When AMG applied for a third permit in 2011, the two permitted operators voiced similar safety concerns about allowing a third. Gaffney acknowledged this in an interview with the CVN but noted that the amount of usable terrain has decreased since AMG applied for its permit. Gaffney also pointed to a recent U.S. Forest Service decision to permit only three operators in an area of the Chugach National Forest near Cordova that exceeds the heliskiing area near Haines by more than 100,000 acres. The Forest Service declined to comment on its decision until a public objection period ends on Nov. 15.
Board member Lori Smith suggested, and others agreed, that permitting a fourth company to operate in Haines would require expanding the permitted heliski area in Haines.
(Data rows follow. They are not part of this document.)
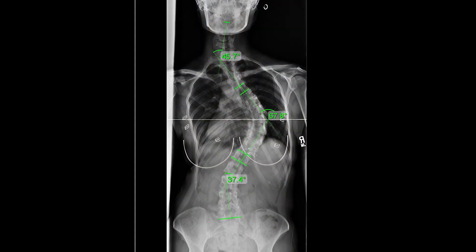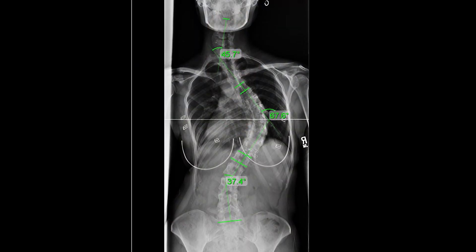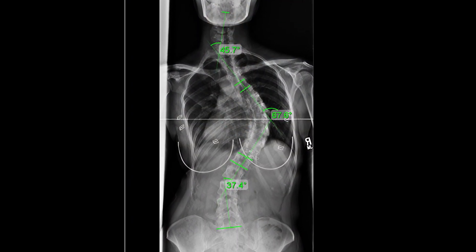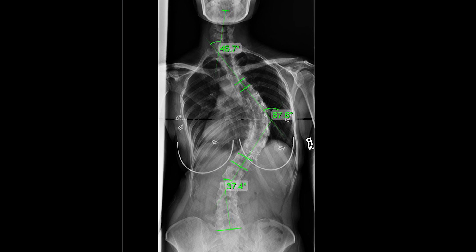By definition, a scoliosis is an abnormal curvature of the spine from the front — a sideways curvature with some counter rotation of 10 degrees or greater. If it's less than 10 degrees, it's not considered scoliosis.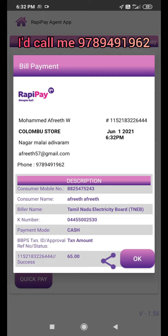You can get the ID to make it. You can get a free ID.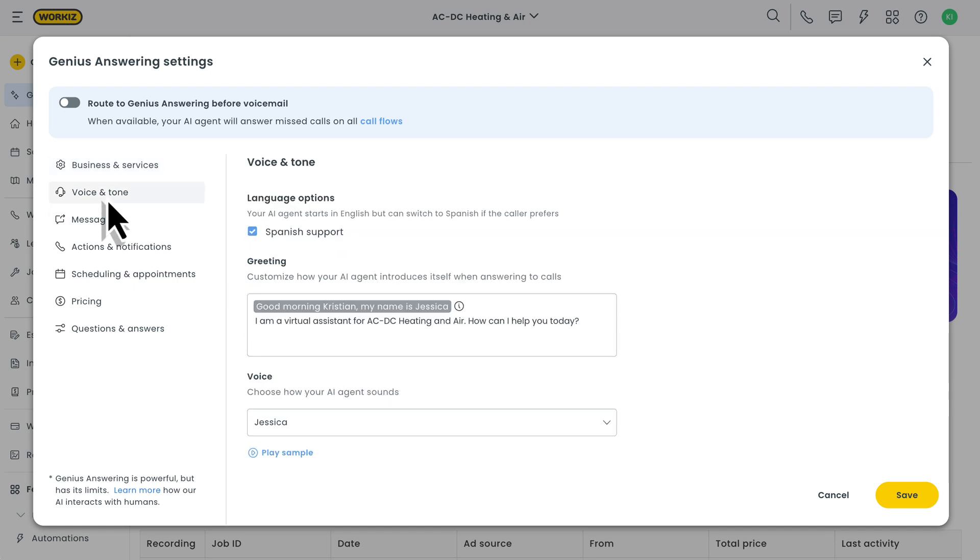Next up, voice and tone. Genius answering is fully capable of communicating in both English and Spanish. By default, every call will start off in English, but if you have Spanish enabled, your callers will be given the chance to speak with the AI in Spanish with just the push of a button.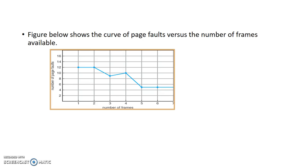This is the curve which shows that the page fault rate increases as we increase the number of frames. If the number of frames is 1, the page fault rate will be 12 since I'm having 12 page references. If the number of frames is 2, then also the page fault rate will be 12. As I increase it to 3, the page fault rate comes to 9. And as I increase it to 4, instead of decreasing, instead of the curve coming down, it has gone to 10.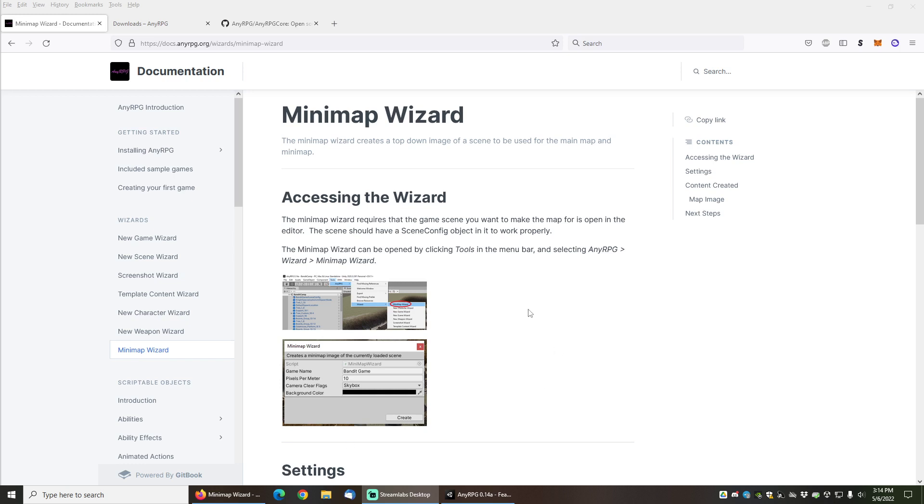Hello and welcome to the NERPG minimap wizard tutorial. In this video I will be demonstrating how to use the minimap wizard included with NERPG to make a minimap for your level.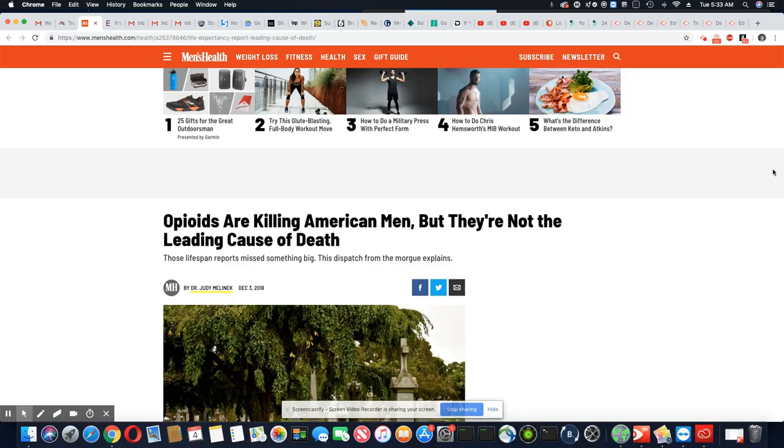Ladies and gentlemen, this is a story that came out in Men's Health, December 3rd, 2018.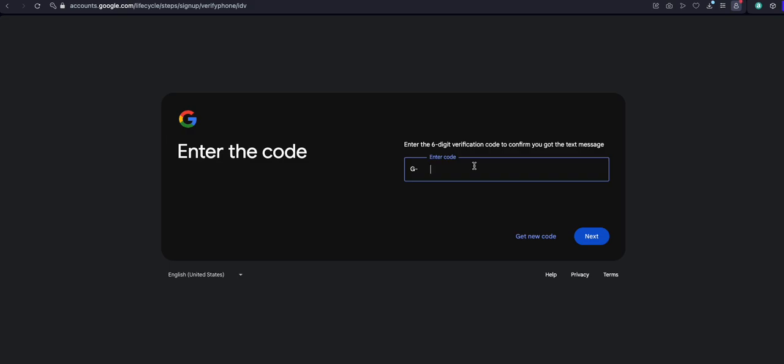They will send you an email, and on your normal phone you need to put your number — which is the number code they sent to you. Just click that number code they sent to you, and then you are good to go.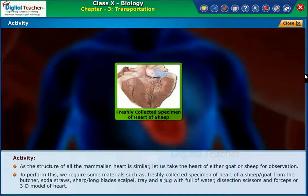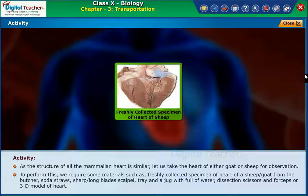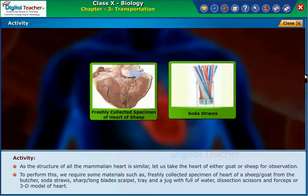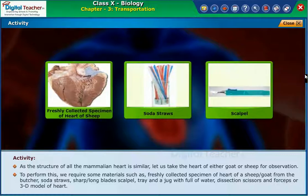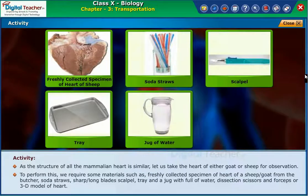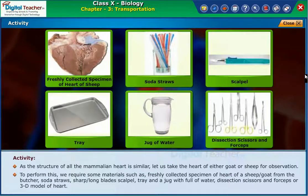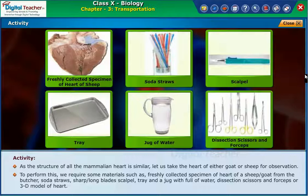To perform this, we require some materials such as a freshly collected specimen of heart of a sheep or goat from the butcher, soda straws, a sharp or long blade scalpel, a tray and a jug full of water, dissection scissors and forceps, or a 3D model of heart.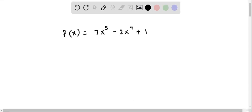We are given this function P(x) = 7x^5 - 2x^4 + 1 and we have to determine the interval on which it is continuous. This is a polynomial function.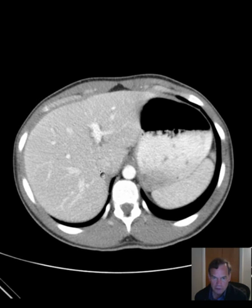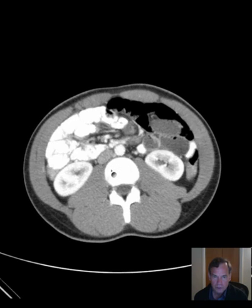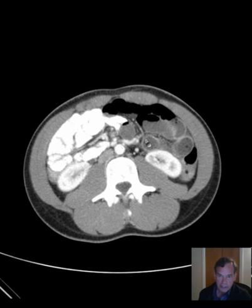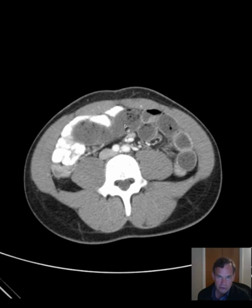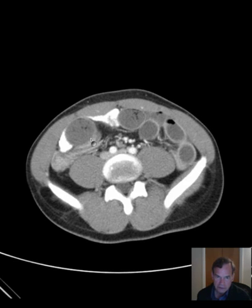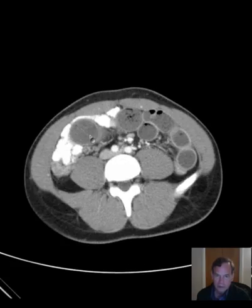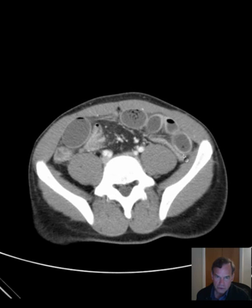And the lung bases are clear. We would put this on lung windows to get a better assessment. So what do we have then? We have abnormally dilated bowel in the left lower quadrant, extending a little bit across the lower abdomen to the right. So it's dilated bowel.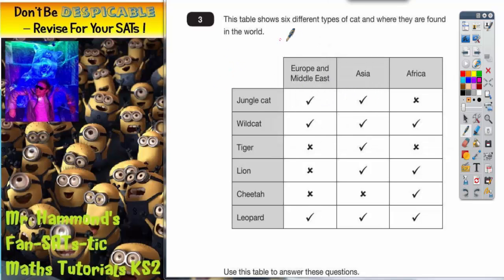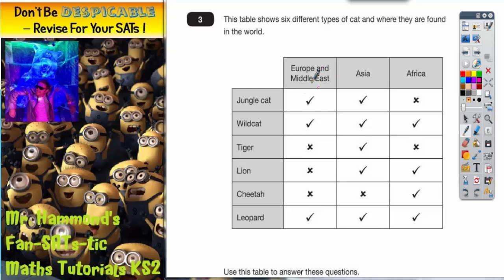Question 3. This table shows 6 different types of cat and where they are found in the world. Down the side of the table we've got different types of cat — they're all wild cats, so you probably wouldn't want to bump into them. We've got lions, tigers, leopards and cheetahs. Across the top we've got different parts of the world: Europe and the Middle East, Asia, and Africa. It's ticked or crossed depending on whether you would find that cat in that part of the world.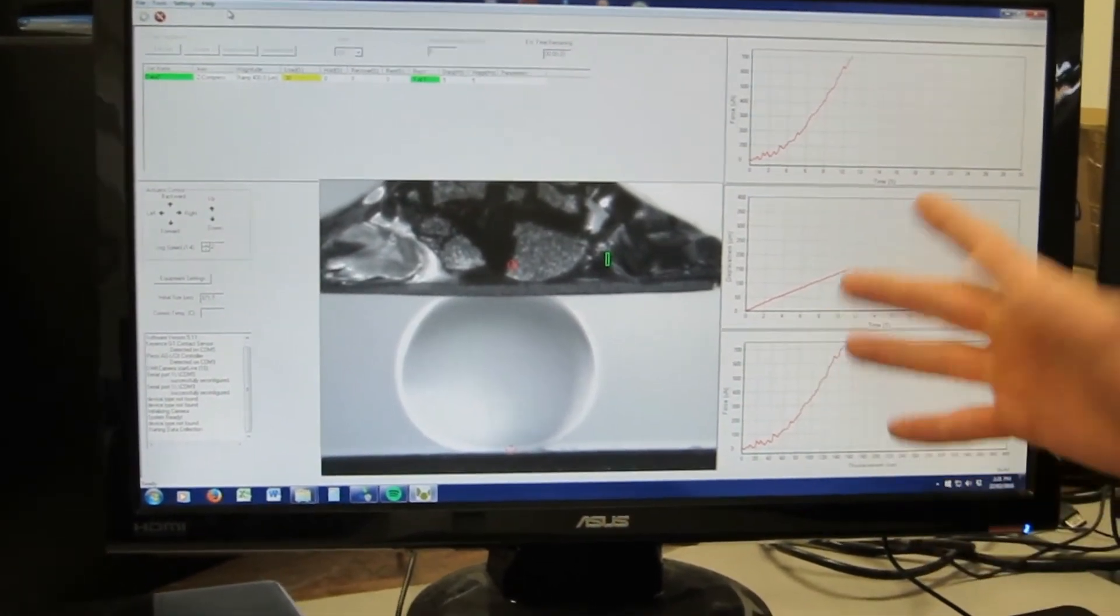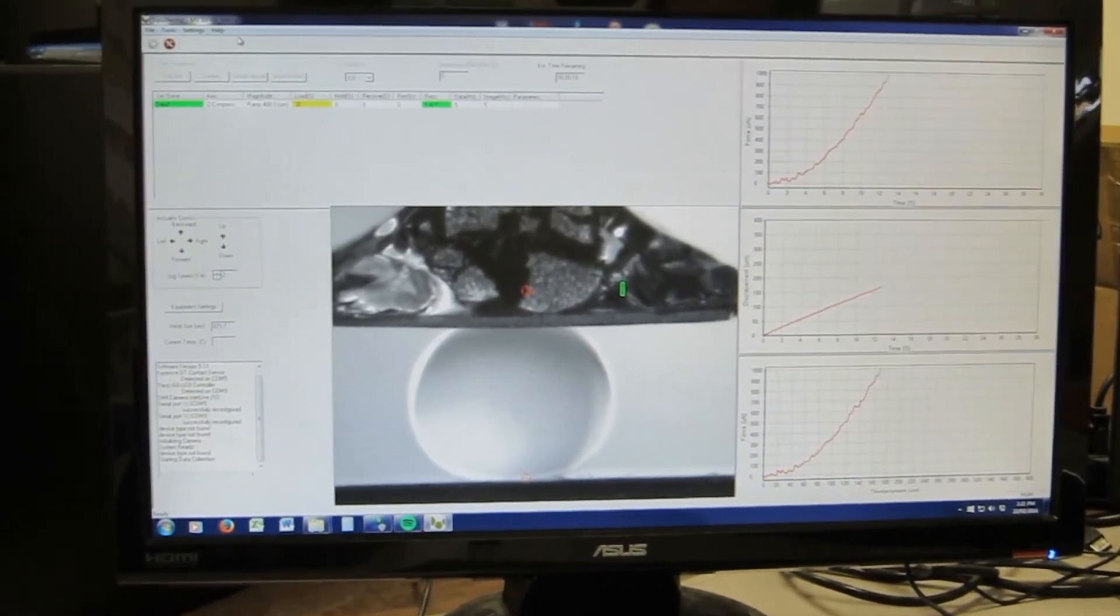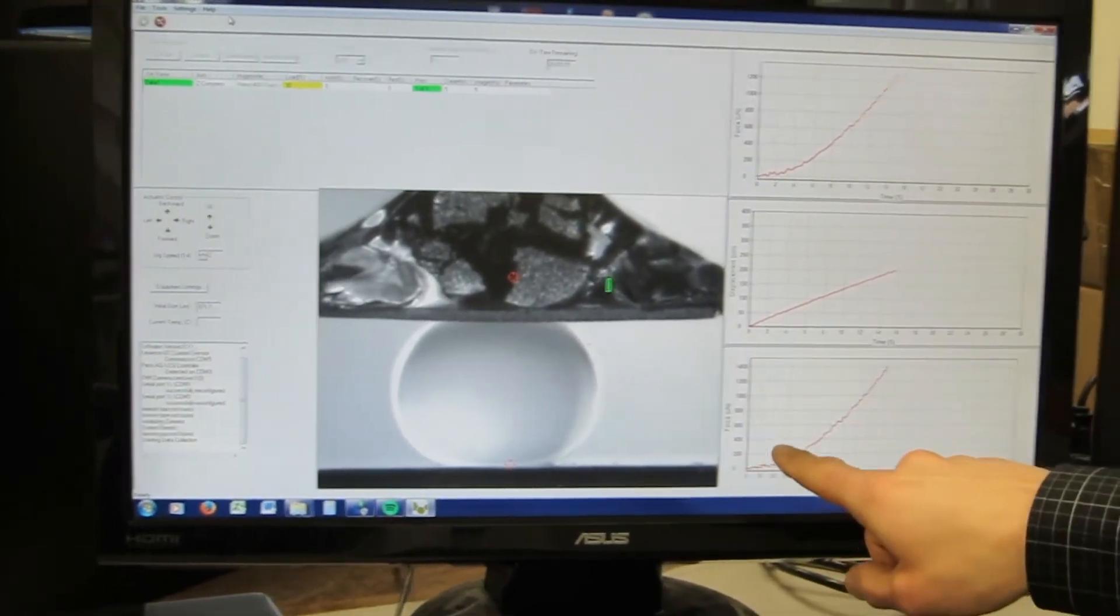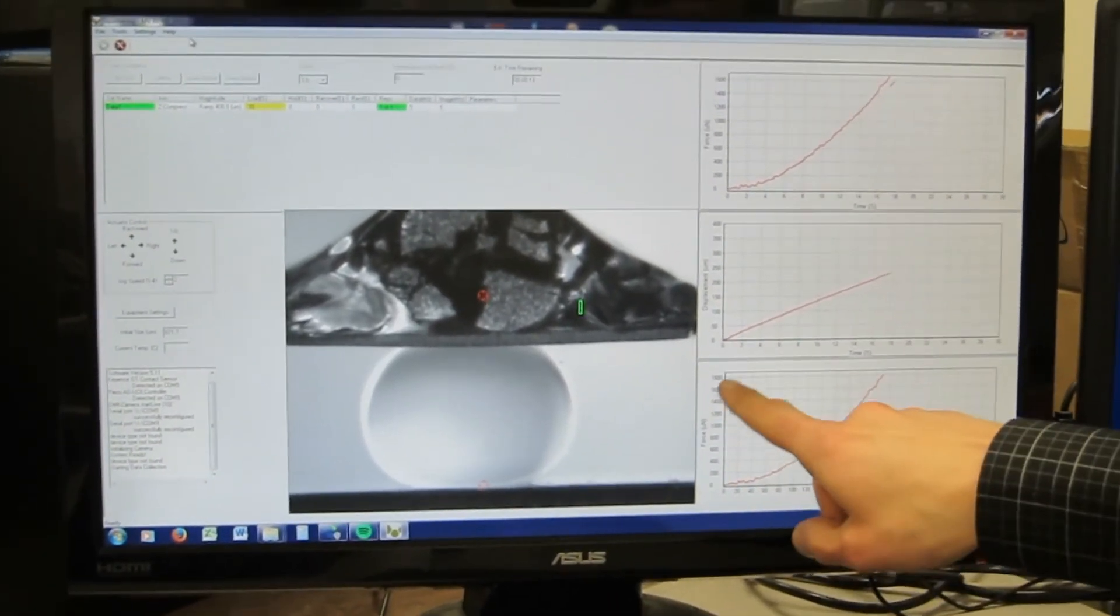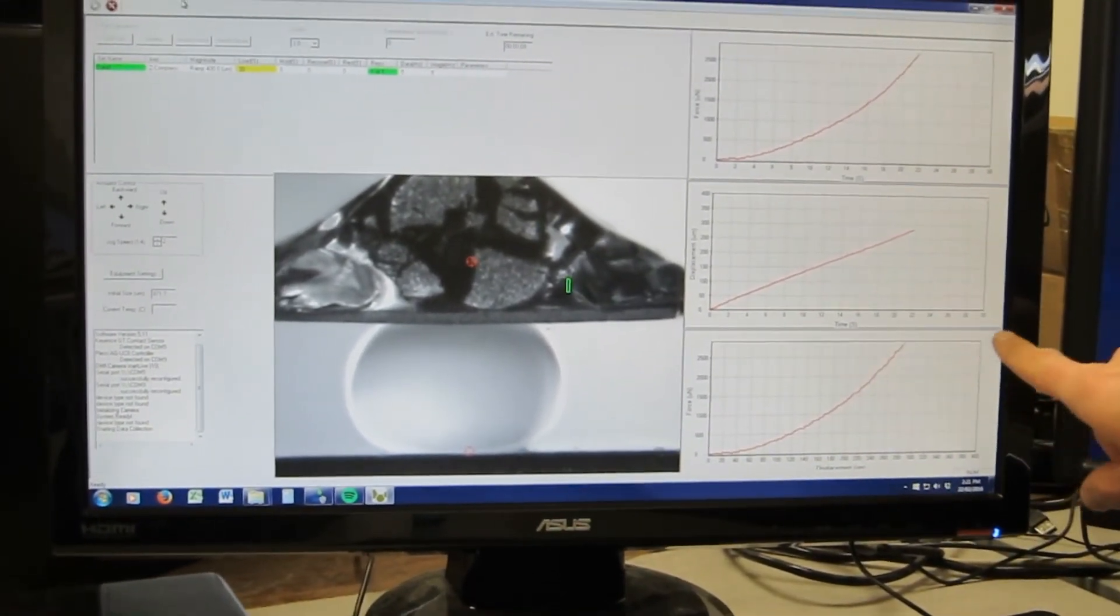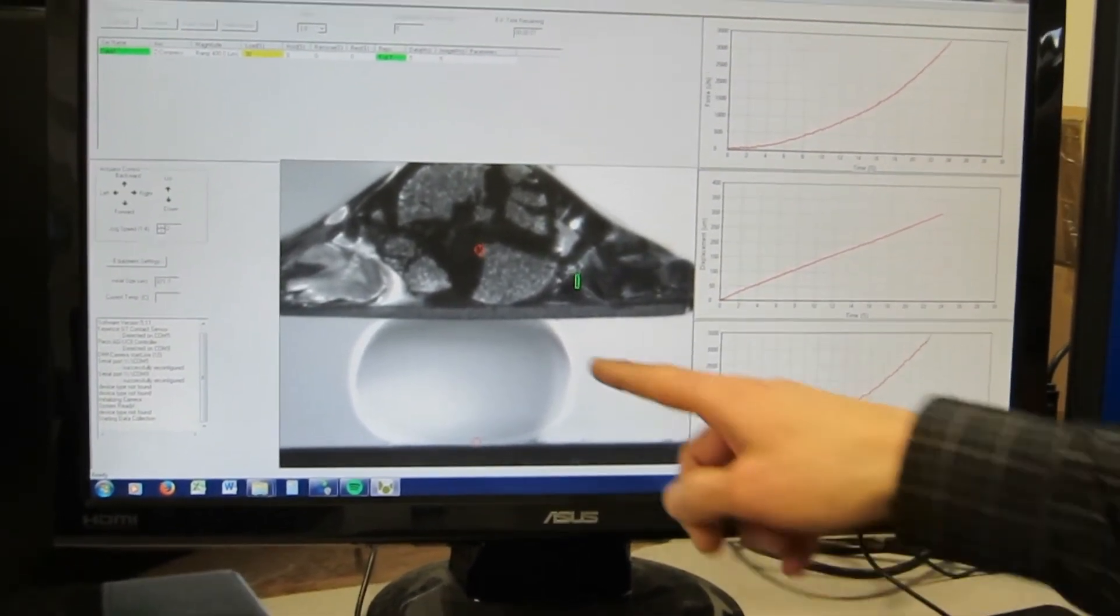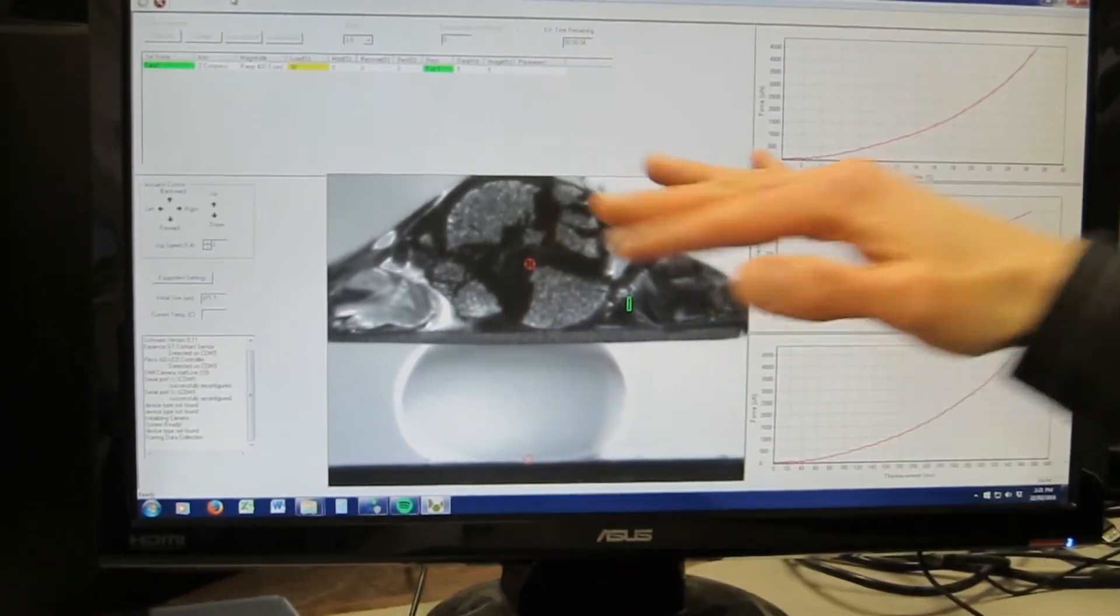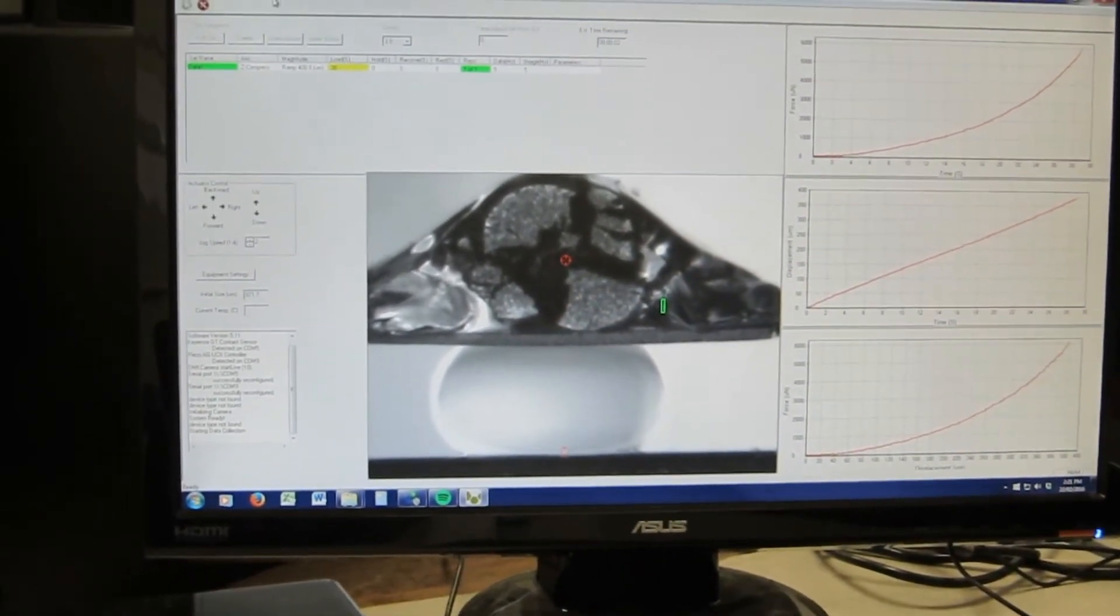This is a relatively large microsphere so we're expecting forces into the millinewton range and that's what we're getting. We're hitting about two millinewtons there now. Coming up on three millinewtons and you see that the sphere, what was a round sphere now has the flattened surfaces due to the compression.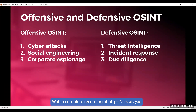Those are the two sides of OSINT — offensive and defensive. I personally love the offensive side of OSINT, which is also why I love social engineering. If you've watched my previous webinar on security awareness, it was related to social engineering — a topic I'm very passionate about.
The borough’s heliski terrain map was drawn several years ago after a lengthy public process, including input from Alaska Department of Fish and Game biologists who have extensively researched the borough’s mountain goat populations and cited studies that show helicopters can negatively impact goats.
In addition to removing the permit cap in 2022, the proposed ordinance also would require the borough manager to allocate skier days earlier in the year; it would mandate that operators pay skier-day fees before the season and file wildlife observation reports every two weeks instead of at the end of the year; and it would facilitate the borough’s collection of GPS data from operators.